久元 喜造ブログ

STAP細胞騒動の結末

総務省の頃、自分が担当している仕事について国民への広報・PRが求められることがよくあり、ポスター、チラシ、テレビCMなどを制作する機会も多くありましたが、タレントの活用はしませんでした。

理由のひとつは、守りです。
以前から、政府や大企業が広報・広告に起用したタレントが、その後、年金保険料未納、公然わいせつ、暴行、未成年飲酒・喫煙、著しく不適切な言動、選挙への出馬などで降板したり、CMの中止や印刷物の回収など事後処理に追われるケースが多々あったからです。

また、選挙は、国民の厳粛な審判を仰ぐ機会です。
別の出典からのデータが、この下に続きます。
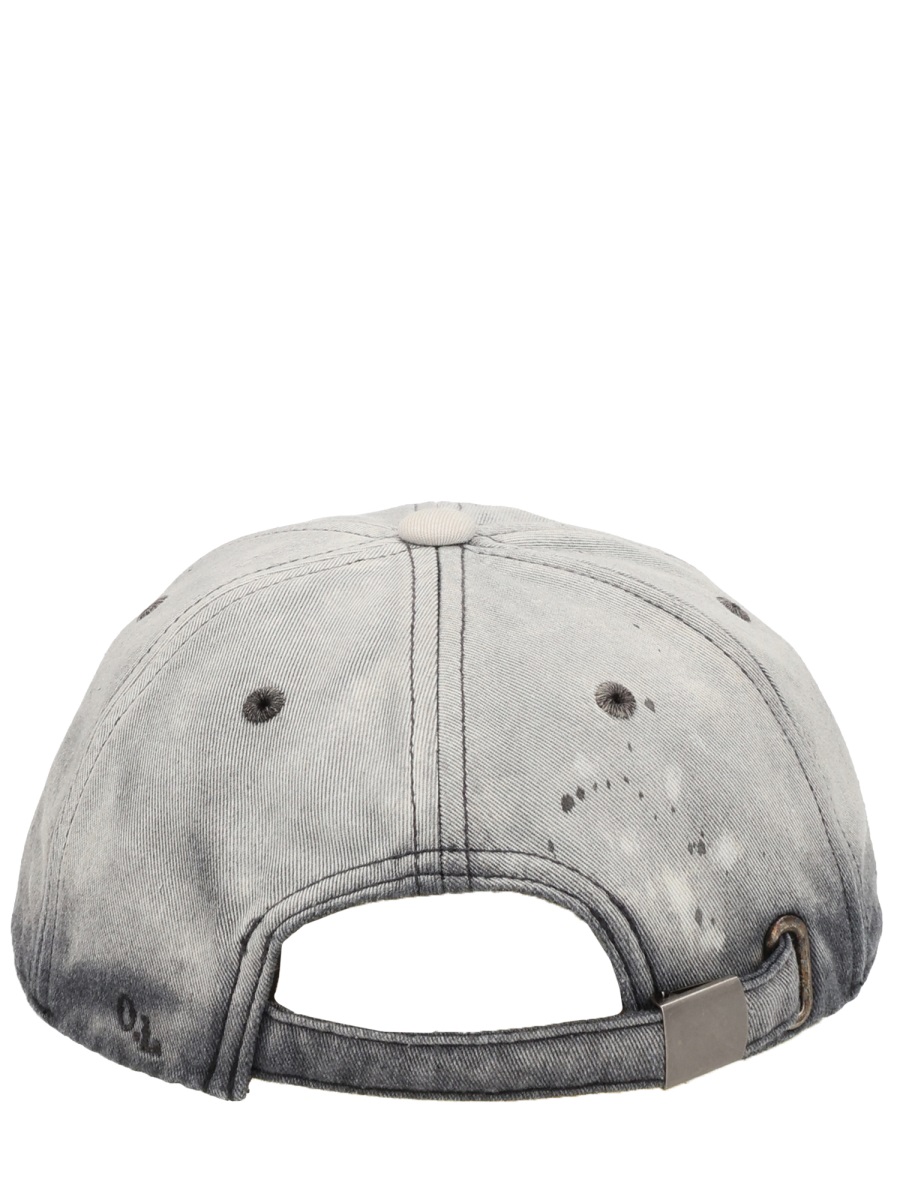 Our Legacy Vintage Inspired Faded Grey Cap Wit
投票率の向上のためには、投票環境の改善や選挙運動に関する制度の改革が不可欠であり、これらをなおざりにしたまま、安易にタレントに頼ることには躊躇を覚えました。

さて、STAP細胞について、結論が出されたようです。
今年の1月の、STAP細胞発見の大々的報道が想い起こされます。
理研による記者会見は、研究内容とともに、小保方さんの個人的な魅力、タレント性を強調する形で行われ、STAP細胞は、小保方晴子さんとともに一躍、脚光を浴びました。理研の広報戦略は、「成功」したのです。

私は、このような報道のありように、終始、違和感を抱いていました。
「過熱した報道」への違和感は、 7月11日のブログ でも書きましたように、記者会見でも率直に申し上げました。
神戸市は、STAP細胞騒動に振り回されることはありませんでしたが、一連の経過を振り返れば、一種のむなしさを覚えます。

生命科学を含め研究分野においては、研究の論理的・実証的真正性が、芸術作品においては、作品の芸術的価値が、選挙においては、政策や社会のありように関する論点が、何よりも重視されるべきです。
これら以外の、雰囲気や話題性といった要素は、しょせん二次的なものです。